Parliament: Gini coefficient here higher than countries which impose greater overall taxes

Finance Minister Heng Swee Keat said Singapore's approach keeps the tax burden light and provides targeted support for the lower-income group. PHOTO: ST FILE

SINGAPORE - After taxes and transfers, some countries have a lower measure of income inequality than Singapore.

This is because these countries typically impose higher overall taxes on the working population, and in particular on the middle-income group, in order to finance large social transfers, said Finance Minister Heng Swee Keat on Monday (March 19).

Singapore's approach, on the other hand, keeps the tax burden light and provides targeted support for the lower-income group, he said, in a written reply to a parliamentary question by Non-Constituency MP Leon Perera, who asked how Singapore's Gini coefficient after taxes and transfers stacked up against those of other major developed economies.

Mr Heng added that the calculations after taxes and transfers "do not reflect the full range of government policy interventions that are unique to the Singapore context", such as subsidies for the purchase of Housing Board flats.

The Gini coefficient measures income inequality from zero to one, with zero being most equal.

Using a method called the square root scale to adjust for different household sizes, which is used by the Organisation for Economic Cooperation and Development in its major reports on inequality, Singapore's figure was 0.356 last year after taxes and transfers.

In comparison, the latest available figures for countries such as Canada, Denmark and South Korea, for example, were lower at 0.318, 0.256 and 0.295 respectively while those for the United States and United Kingdom were higher at 0.390 and 0.360 respectively.

Before taxes and transfers, Singapore's figure is low compared with many major developed economies, said Mr Heng.

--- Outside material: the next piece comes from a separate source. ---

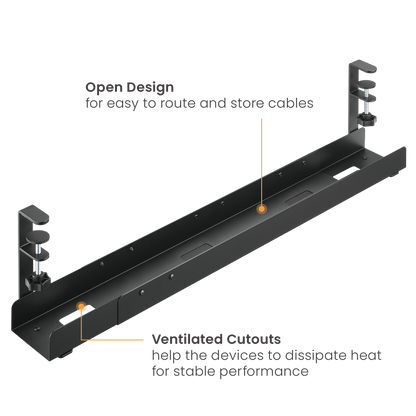 HINOMI FlexRail Under-Desk Adjustable Width Cable Tray Organizer
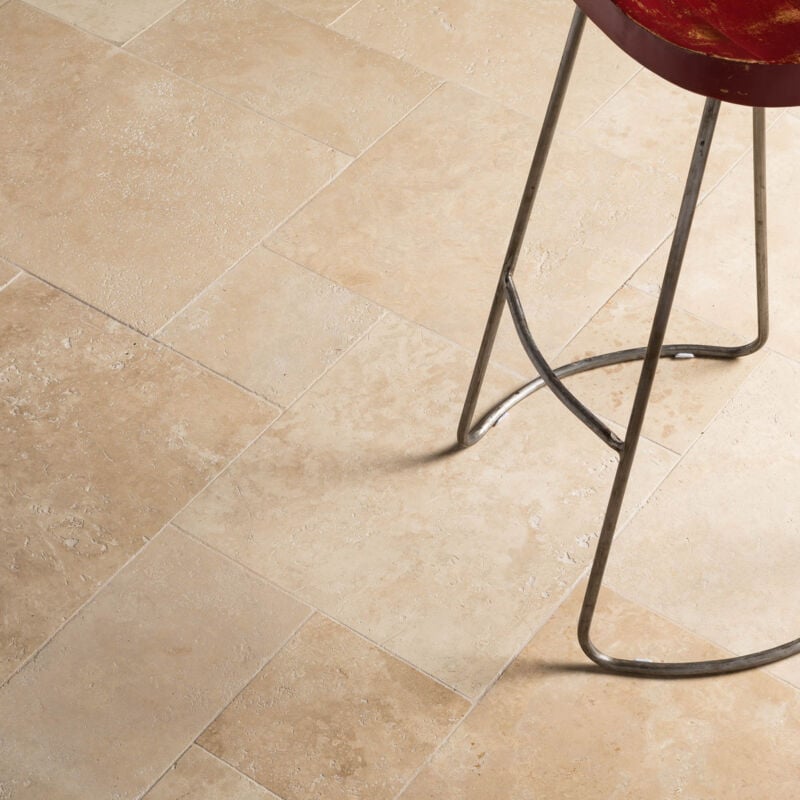 Carrelage Travertin 1er choix - Opus 4x1,2 cm - Beige Light (vendu par paquet de 0,74 m²)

The figure was 0.417 last year.

The latest available figures, before taxes and transfers, for the United States (0.506), United Kingdom (0.520), Canada (0.435) and Denmark (0.444) were higher than Singapore's, while South Korea (0.341) remained lower.

It was reported last month that Singapore's Gini coefficient rose slightly to 0.459 last year, up slightly from 0.458 in 2016, which was the lowest level in a decade.

After accounting for government transfers and taxes, the Gini coefficient was 0.401, the same as 2016. These figures are different from the "square root scale" figures as they are adjusted using the "per household member scale". Singapore's figure is typically reported based on household income from work per household member.